Description of the task:
Reproduce each entry below exactly, without omitting any.

Excerpted records:
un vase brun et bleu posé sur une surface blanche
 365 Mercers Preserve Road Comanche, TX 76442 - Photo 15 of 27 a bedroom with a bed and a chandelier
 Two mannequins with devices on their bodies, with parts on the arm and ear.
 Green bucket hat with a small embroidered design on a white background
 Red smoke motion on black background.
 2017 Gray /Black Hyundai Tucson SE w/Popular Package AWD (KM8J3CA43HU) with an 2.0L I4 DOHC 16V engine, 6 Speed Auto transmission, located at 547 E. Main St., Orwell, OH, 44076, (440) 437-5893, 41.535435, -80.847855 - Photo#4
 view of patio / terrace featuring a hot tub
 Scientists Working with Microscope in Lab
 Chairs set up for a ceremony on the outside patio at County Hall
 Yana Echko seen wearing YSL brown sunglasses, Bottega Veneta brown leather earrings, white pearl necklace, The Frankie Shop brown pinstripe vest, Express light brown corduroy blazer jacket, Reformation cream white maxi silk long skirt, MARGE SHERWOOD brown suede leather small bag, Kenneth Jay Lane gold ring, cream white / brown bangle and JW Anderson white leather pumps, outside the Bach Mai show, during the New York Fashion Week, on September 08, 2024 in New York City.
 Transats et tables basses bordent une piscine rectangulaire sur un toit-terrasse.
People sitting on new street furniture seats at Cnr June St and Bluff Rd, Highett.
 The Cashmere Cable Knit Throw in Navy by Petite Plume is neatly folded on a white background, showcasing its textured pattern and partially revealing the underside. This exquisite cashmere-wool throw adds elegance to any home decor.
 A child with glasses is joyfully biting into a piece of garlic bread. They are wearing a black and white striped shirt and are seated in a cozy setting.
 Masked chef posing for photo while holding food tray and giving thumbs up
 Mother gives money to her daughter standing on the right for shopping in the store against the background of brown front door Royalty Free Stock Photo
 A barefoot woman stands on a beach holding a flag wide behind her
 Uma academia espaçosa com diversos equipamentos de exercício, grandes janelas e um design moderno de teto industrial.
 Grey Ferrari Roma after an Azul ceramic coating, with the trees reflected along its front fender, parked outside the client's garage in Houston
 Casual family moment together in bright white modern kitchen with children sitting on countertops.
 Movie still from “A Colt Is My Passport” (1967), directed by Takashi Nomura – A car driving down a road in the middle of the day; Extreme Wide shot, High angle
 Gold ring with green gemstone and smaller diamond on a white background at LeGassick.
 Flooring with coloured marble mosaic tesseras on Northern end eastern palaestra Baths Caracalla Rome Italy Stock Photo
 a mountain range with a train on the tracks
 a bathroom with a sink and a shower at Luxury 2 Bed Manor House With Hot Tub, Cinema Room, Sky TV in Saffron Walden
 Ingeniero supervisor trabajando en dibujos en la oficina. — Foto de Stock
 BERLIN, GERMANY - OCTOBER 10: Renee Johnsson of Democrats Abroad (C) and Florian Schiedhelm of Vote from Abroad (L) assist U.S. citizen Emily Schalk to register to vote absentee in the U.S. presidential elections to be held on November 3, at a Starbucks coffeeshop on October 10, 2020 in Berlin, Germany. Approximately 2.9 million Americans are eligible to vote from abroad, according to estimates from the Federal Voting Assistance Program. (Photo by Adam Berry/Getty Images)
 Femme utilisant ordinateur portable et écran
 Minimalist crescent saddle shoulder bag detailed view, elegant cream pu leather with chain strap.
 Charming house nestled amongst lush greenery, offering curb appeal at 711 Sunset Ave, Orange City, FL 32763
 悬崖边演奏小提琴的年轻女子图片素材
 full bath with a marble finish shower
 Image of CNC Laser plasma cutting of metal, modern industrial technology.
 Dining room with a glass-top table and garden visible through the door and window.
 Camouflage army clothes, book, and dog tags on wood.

Problem solution:
un vase brun et bleu posé sur une surface blanche
 365 Mercers Preserve Road Comanche, TX 76442 - Photo 15 of 27 a bedroom with a bed and a chandelier
 Two mannequins with devices on their bodies, with parts on the arm and ear.
 Green bucket hat with a small embroidered design on a white background
 Red smoke motion on black background.
 2017 Gray /Black Hyundai Tucson SE w/Popular Package AWD (KM8J3CA43HU) with an 2.0L I4 DOHC 16V engine, 6 Speed Auto transmission, located at 547 E. Main St., Orwell, OH, 44076, (440) 437-5893, 41.535435, -80.847855 - Photo#4
 view of patio / terrace featuring a hot tub
 Scientists Working with Microscope in Lab
 Chairs set up for a ceremony on the outside patio at County Hall
 Yana Echko seen wearing YSL brown sunglasses, Bottega Veneta brown leather earrings, white pearl necklace, The Frankie Shop brown pinstripe vest, Express light brown corduroy blazer jacket, Reformation cream white maxi silk long skirt, MARGE SHERWOOD brown suede leather small bag, Kenneth Jay Lane gold ring, cream white / brown bangle and JW Anderson white leather pumps, outside the Bach Mai show, during the New York Fashion Week, on September 08, 2024 in New York City.
 Transats et tables basses bordent une piscine rectangulaire sur un toit-terrasse.
People sitting on new street furniture seats at Cnr June St and Bluff Rd, Highett.
 The Cashmere Cable Knit Throw in Navy by Petite Plume is neatly folded on a white background, showcasing its textured pattern and partially revealing the underside. This exquisite cashmere-wool throw adds elegance to any home decor.
 A child with glasses is joyfully biting into a piece of garlic bread. They are wearing a black and white striped shirt and are seated in a cozy setting.
 Masked chef posing for photo while holding food tray and giving thumbs up
 Mother gives money to her daughter standing on the right for shopping in the store against the background of brown front door Royalty Free Stock Photo
 A barefoot woman stands on a beach holding a flag wide behind her
 Uma academia espaçosa com diversos equipamentos de exercício, grandes janelas e um design moderno de teto industrial.
 Grey Ferrari Roma after an Azul ceramic coating, with the trees reflected along its front fender, parked outside the client's garage in Houston
 Casual family moment together in bright white modern kitchen with children sitting on countertops.
 Movie still from “A Colt Is My Passport” (1967), directed by Takashi Nomura – A car driving down a road in the middle of the day; Extreme Wide shot, High angle
 Gold ring with green gemstone and smaller diamond on a white background at LeGassick.
 Flooring with coloured marble mosaic tesseras on Northern end eastern palaestra Baths Caracalla Rome Italy Stock Photo
 a mountain range with a train on the tracks
 a bathroom with a sink and a shower at Luxury 2 Bed Manor House With Hot Tub, Cinema Room, Sky TV in Saffron Walden
 Ingeniero supervisor trabajando en dibujos en la oficina. — Foto de Stock
 BERLIN, GERMANY - OCTOBER 10: Renee Johnsson of Democrats Abroad (C) and Florian Schiedhelm of Vote from Abroad (L) assist U.S. citizen Emily Schalk to register to vote absentee in the U.S. presidential elections to be held on November 3, at a Starbucks coffeeshop on October 10, 2020 in Berlin, Germany. Approximately 2.9 million Americans are eligible to vote from abroad, according to estimates from the Federal Voting Assistance Program. (Photo by Adam Berry/Getty Images)
 Femme utilisant ordinateur portable et écran
 Minimalist crescent saddle shoulder bag detailed view, elegant cream pu leather with chain strap.
 Charming house nestled amongst lush greenery, offering curb appeal at 711 Sunset Ave, Orange City, FL 32763
 悬崖边演奏小提琴的年轻女子图片素材
 full bath with a marble finish shower
 Image of CNC Laser plasma cutting of metal, modern industrial technology.
 Dining room with a glass-top table and garden visible through the door and window.
 Camouflage army clothes, book, and dog tags on wood.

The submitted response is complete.